El Gobierno de Colombia declaró la situación de desastre nacional tras el terremoto que este lunes afectó distintas regiones del país. La medida abre una nueva etapa en la respuesta a la emergencia y permite fortalecer la movilización de recursos y la coordinación entre los diferentes organismos del Estado.
Según informó Forbes Colombia, la declaración permite activar instrumentos técnicos, administrativos, presupuestarios y jurídicos especiales para atender la emergencia y avanzar posteriormente en la recuperación de los territorios afectados. La prioridad inmediata está puesta en la búsqueda y rescate de personas atrapadas, la atención de los heridos, la evaluación de estructuras y el restablecimiento de servicios esenciales.
El presidente Abelardo De La Espriella aseguró que tomó personalmente la conducción de la respuesta oficial. “He asumido directamente el liderazgo de la atención por la emergencia en San José del Palmar. He ordenado la instalación de un Puesto de Mando Unificado para coordinar la atención de los daños y de los damnificados”, afirmó el mandatario.
De La Espriella también informó que solicitó a la dirección de la Unidad Nacional para la Gestión del Riesgo de Desastres (UNGRD) un reporte detallado sobre las necesidades prioritarias de las regiones afectadas. En paralelo, el Ejecutivo convocó de urgencia al Comité Nacional para el Manejo de Desastres, la instancia encargada de coordinar la respuesta interinstitucional frente a este tipo de emergencias.
“Estaré personalmente en Pereira”
El presidente anunció que se trasladará hasta una de las zonas afectadas para supervisar el operativo y acompañar a las personas damnificadas. “También estaré personalmente en Pereira para acompañar a los afectados y verificar la respuesta del Gobierno”, señaló.

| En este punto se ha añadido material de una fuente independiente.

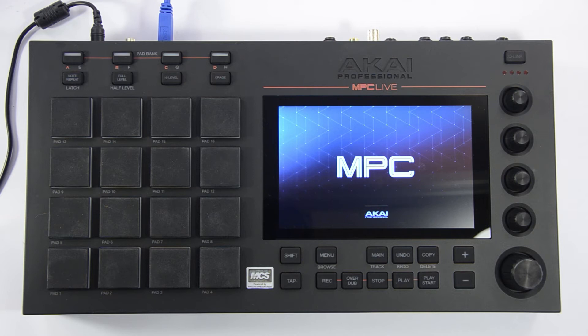Before you begin, if you have not already done so, run the MPC software installer and install the MPC Live's driver for your operating system. This way it can send and receive data from your computer. Check the link in the description for more information regarding this process.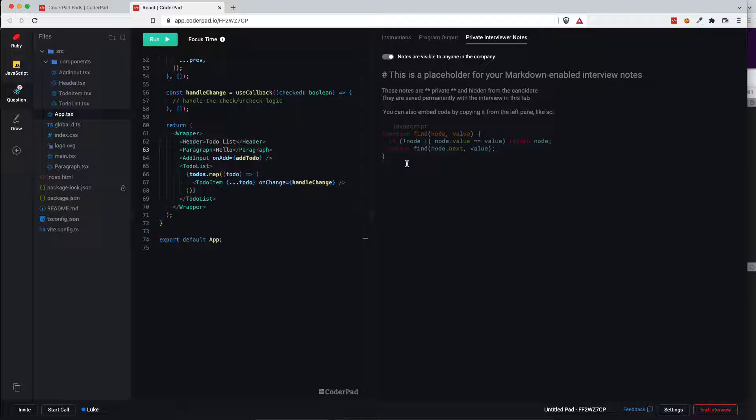So hopefully this was a helpful walkthrough. If you have any questions please reach out to us at support at coderpad.io. Thanks.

El mensaje presidencial buscó además reforzar la presencia del Estado en medio de una emergencia que mantiene desplegados a organismos de socorro y autoridades locales. “No están solos. El Estado está presente y actuando”, sostuvo De La Espriella.

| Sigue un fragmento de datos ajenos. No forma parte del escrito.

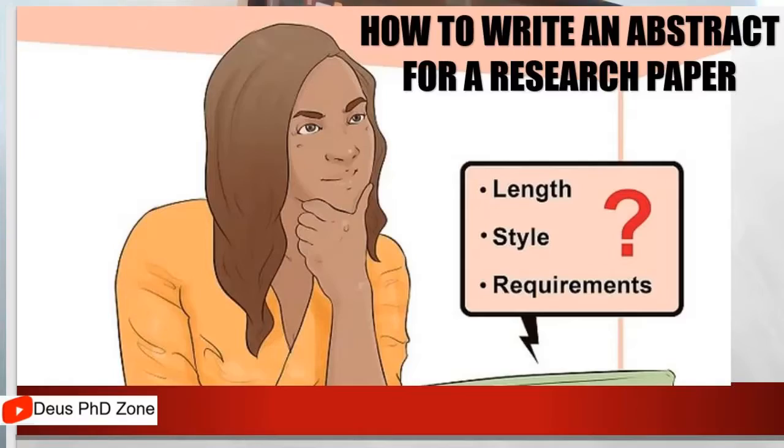Today we will talk about how to write an abstract for research papers. First of all, you have to think of length, style, and requirements.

Mientras tanto, las operaciones continúan especialmente en Risaralda, Valle del Cauca y Chocó. En Cali, nueve hospitales y clínicas fueron evacuados preventivamente y el sistema de transporte MIO también sufrió afectaciones. El alcalde Alejandro Eder pidió apoyo de rescatistas de Bogotá y Medellín ante la existencia de estructuras colapsadas con personas atrapadas.
Bogotá, por su parte, preparó un contingente de 100 rescatistas para trasladarse a CATAM y ser enviados hacia las ciudades y territorios que el Gobierno nacional determine como prioritarios. “Bogotá está lista para ayudar a las ciudades más afectadas por el temblor”, afirmó el alcalde Carlos Fernando Galán.
La emergencia también produjo complicaciones en servicios esenciales. En Pereira se registraron problemas de energía y comunicaciones que dificultaron la consolidación del relevamiento, mientras que Armenia reportó daños en su sistema de acueducto. En distintas regiones continuaban las tareas de búsqueda, rescate y verificación de las consecuencias del terremoto.